Varese

Grossi: tutto è cominciato dalla passione per i cavalli

Un momento del confronto al Cinema Vela

Affollato dagli studenti delle scuole superiori di Varese, il cinema Vela ha visto, questa mattina, l’ultima tappa della manifestazione “Dal libro al film”, promossa dal Premio Chiara e patrocinata dal Comune di Varese, Assessorato Famiglia, Persona e Università e sostenuto da MIV- Cinema Vela.
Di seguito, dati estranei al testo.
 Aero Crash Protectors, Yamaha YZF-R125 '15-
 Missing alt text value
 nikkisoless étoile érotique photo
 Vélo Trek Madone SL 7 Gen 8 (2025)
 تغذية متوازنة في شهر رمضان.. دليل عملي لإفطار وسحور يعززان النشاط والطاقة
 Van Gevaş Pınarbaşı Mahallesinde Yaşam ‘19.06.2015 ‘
Sul palco del Vela, dopo la proiezione del film “Cavalli”, hanno preso la parola lo scrittore Pietro Grossi, il regista Michele Rho e lo sceneggiatore Francesco Ghiaccio. I tre ospiti hanno spiegato il passaggio dal volume “Pugni” di Pietro Grossi, un volume che propone il racconto “Cavalli” servito come punto di partenza della pellicola, sia pure con i cambiamenti inevitabili quando le parole diventano immagini, storie, personaggi del grande schermo. Interventi seguiti con attenzione dai partecipanti alla mattinata, in cui lo scrittore vincitore del Premio Chiara si è confrontato con i suoi piccoli lettori.

Abbiamo intervistato lo scrittore Pietro Grossi sulla sua giornata trascorsa a Varese, a contatto con i ragazzi delle scuole superiori della città.
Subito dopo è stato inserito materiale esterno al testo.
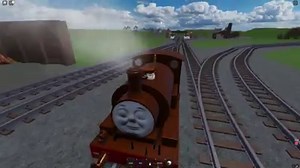 18K views · 285 reactions | We finally started playing Thomas & Friends Roblox on the Cool Beans Railway 3! In these Roblox funny moments, we cause confusion and delay all over the LMS with train crashes and derailments! Accidents happen, in this family friendly gaming video for kids, Only on Kids Toys Play gameplay! | Kids Toys Play | Facebook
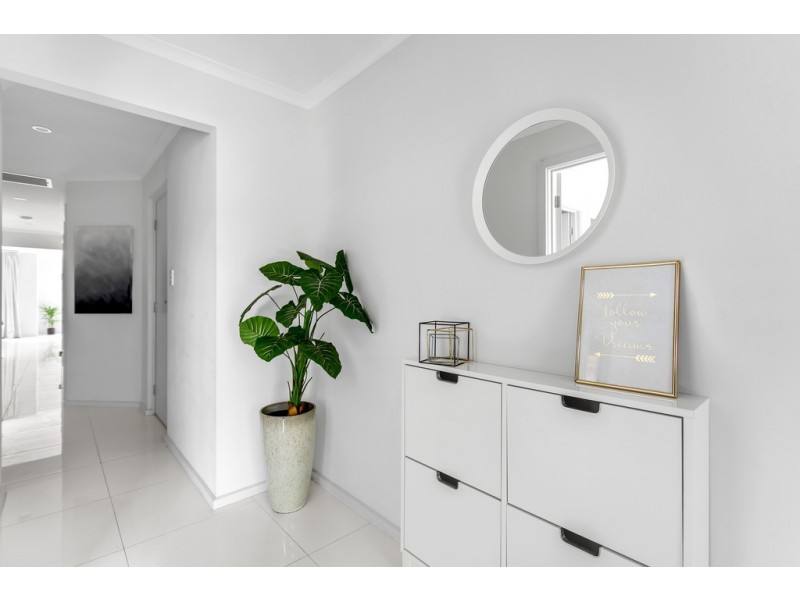 12 Sanctuary Court, Morphett Vale SA 5162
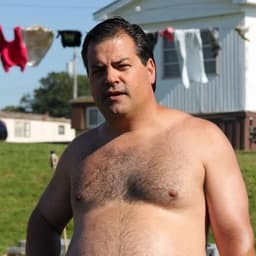 Randy-Bbandy
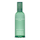 Allover Body Mist Green Raspberry - Bruma perfumada para el cuerpo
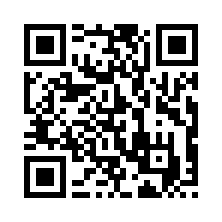 QR Code for 168tbC2eU98VTdF44F3E75gkSkc8vKkGhc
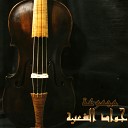 Jawad Chaabia - Yal Khawi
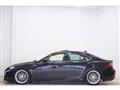 2013 Lexus IS
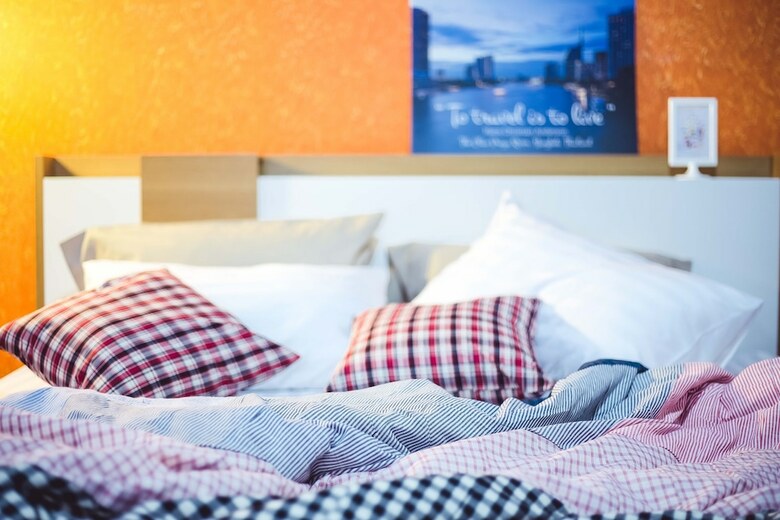 Hotel Five Stars Ratchada 19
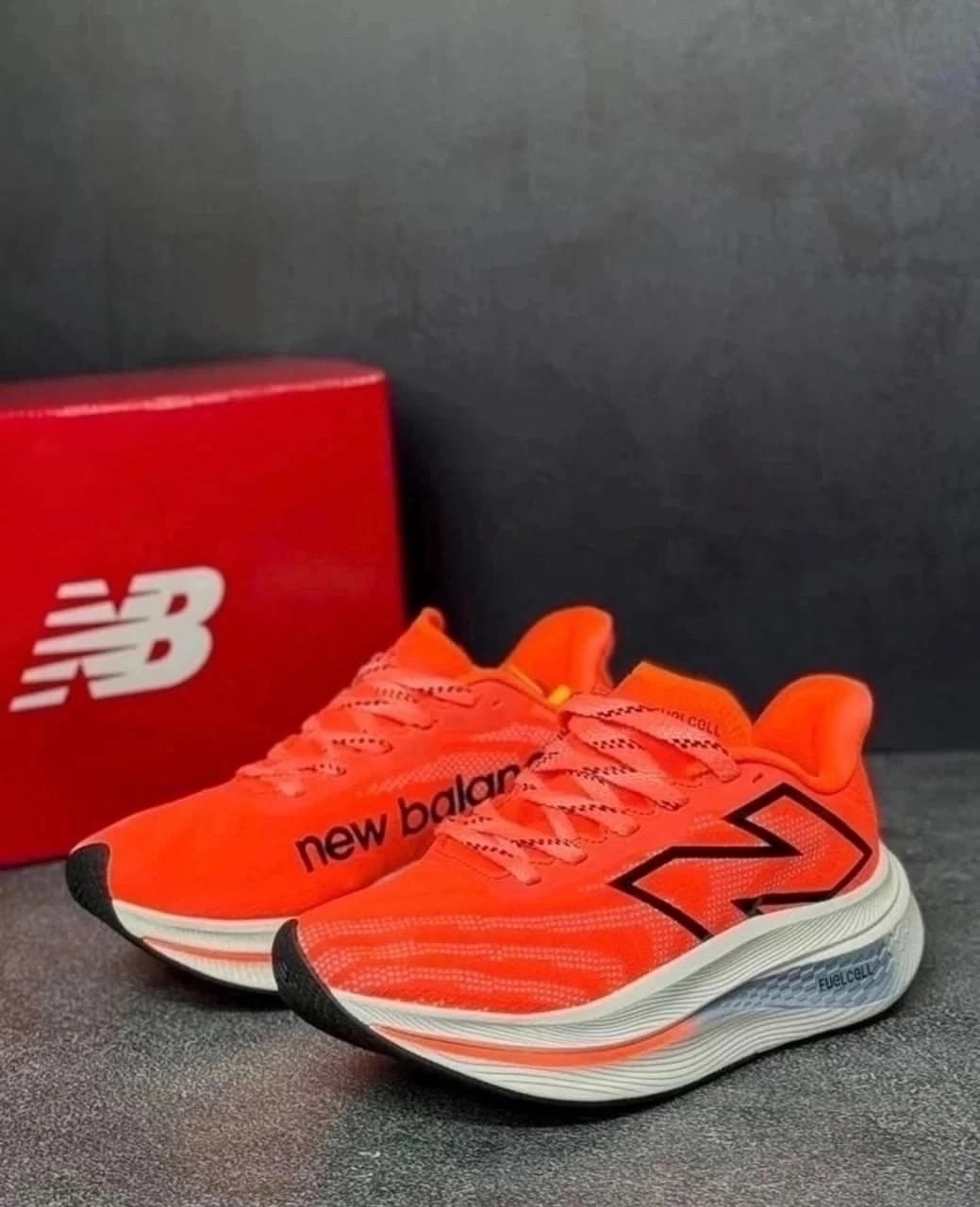 кроссовки new balance,кроссовки женские new balance,кроссовки,new balance fuelcell rc elite,беговые кроссовки new balance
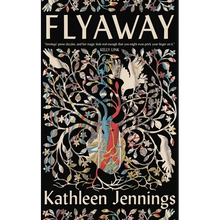 Flyaway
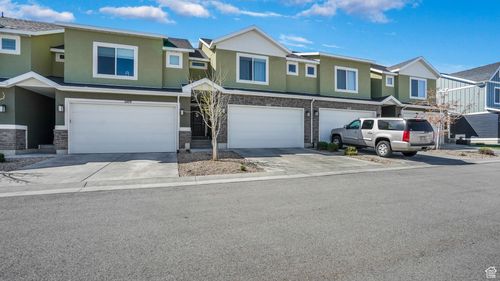 5113 W Vibrato St, Herriman, UT, 84096-2556 | Card Image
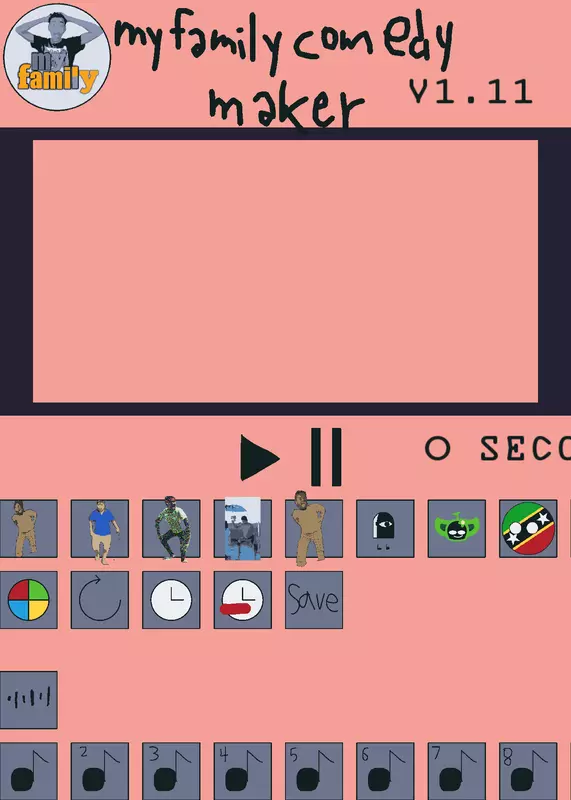 Game by @stkittsandnevisOffical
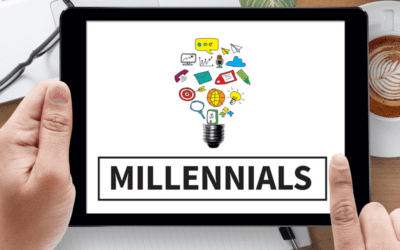 Beware Millennial Stereotypes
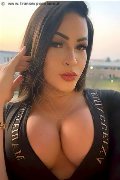 Bologna Trans Paulinha Ferraz 320 88 26 069 foto selfie 16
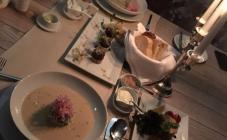 Orly Park - фото (5529-28550)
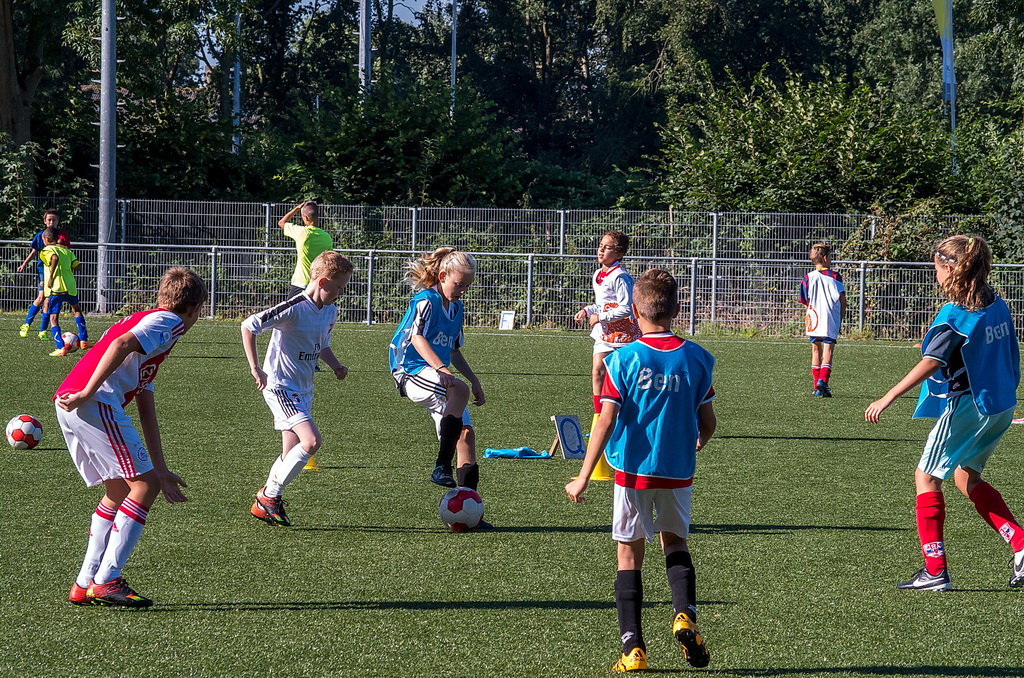 Voetbalstart_RCL_2016_ZZ721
Come sta vivendo questa esperienza varesina?

Con grandissimo divertimento. Mi sembra di essere in una gita scolastica. E poi c’è Bambi Lazzati che è un fenomeno senza fine. Non mi piacciono le presentazione dei libri, ma avere rapporti con le scuole mi piace moltissimo.
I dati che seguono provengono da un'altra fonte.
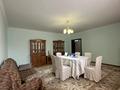 Жеке үй · 7 бөлме · 298.1 м² · 14.33 жүзд., Патопова, бағасы: 102 млн ₸ в Павлодаре — фото 2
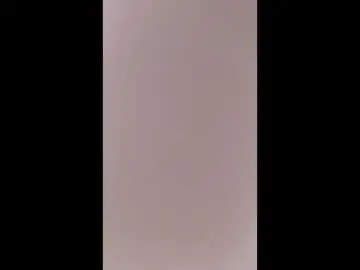 Realnrare26  live sex cam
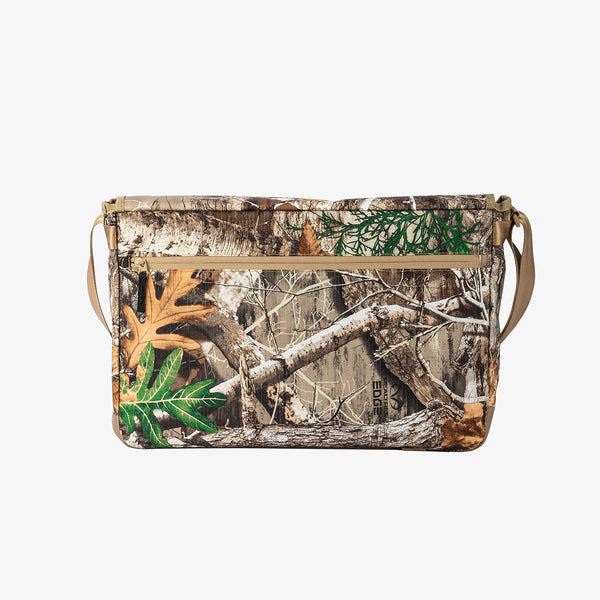 acc-messenger-bag-ne-r-tre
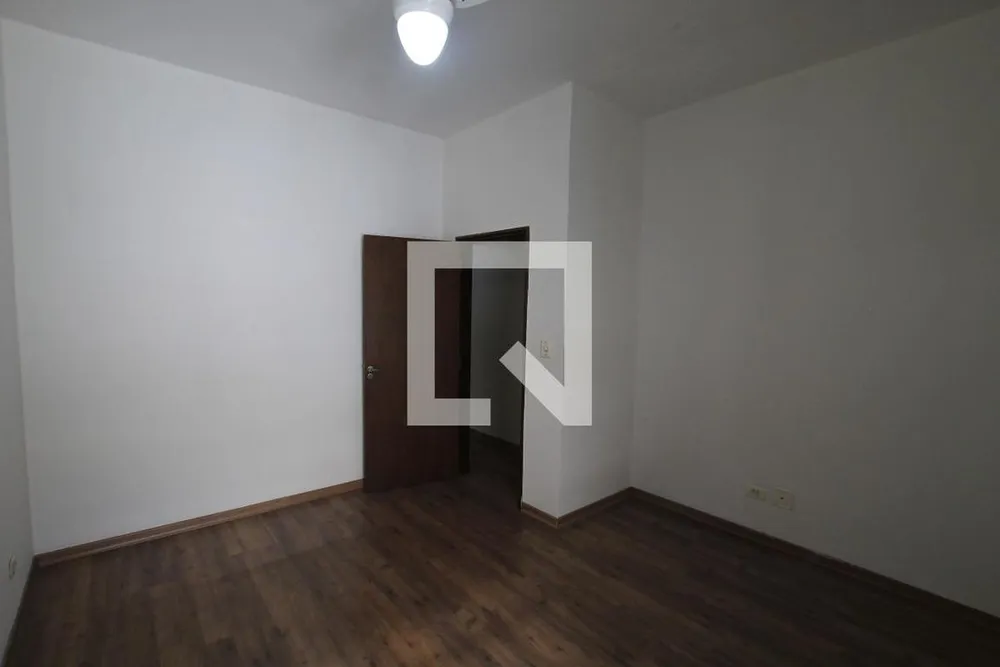 Casa, 2 quartos, 100 m² - Foto 5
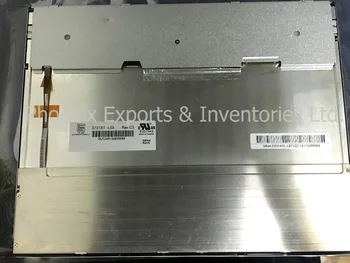 

G121X1-L03 12.1" LCD DISPLAY PANEL G121X1 L03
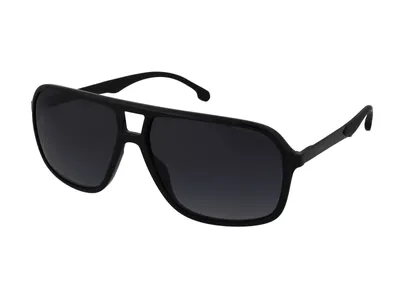 Produktbild von Carrera Sonnenbrille CARRERA 8035/S 807 61 14 145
Parliamo dei cavalli, ai quali è dedicato un bel racconto e anche il film.

Sono andato molto a cavallo da piccolo. A volte stavo in sella tutto il giorno nel Basso Senese, nella campagna tra Firenze e Roma dove abitavo. Una vera passione che mi è sempre rimasta. Se uno fa il mestiere di scrittore, si deve avere naso per i luoghi in cui le storie si nascondono. La campagna, i cavalli sono stati importanti per quello che poi ho scritto. In ciò che ho scritto c’è questa mia esperienza, ma anche le letture che ho fatto. Come, ad esempio, Cavalli selvaggi, il romanzo dello scrittore statunitense Cormac McCarthy. Ma anche Jack London e Hemingway.

Quale il suo rapporto con la pellicola di Michele Rho che è stata tratta dal suo racconto?

Non ho collaborato alla sceneggiatura. Prima di questo film, un produttore mi aveva proposto di curare sceneggiatura e regia per un film sulla boxe. Il produttore aveva acquistato i diritti del mio racconto, ma la cosa mi pesava sempre di più. Quando l’opzione fu scaduta e non rinnovata da parte del produttore, mi sono sentito molto sollevato. Il mio rapporto con le storie che scrivo finisce quando esce il libro.

E il film come le sembra?

Un bel film, di cui ho letto la sceneggiatura solo a quattro settimane dal primo ciak (sceneggiatura ottima). Un film bello nonostante le tante difficoltà che ha incontrato, dalle intemperie ai pochi soldi disponibili. Quello che più mi piace del film è l’epica del racconto, l’ambizione del film che il regista ha saputo portare sullo schermo con grande bravura.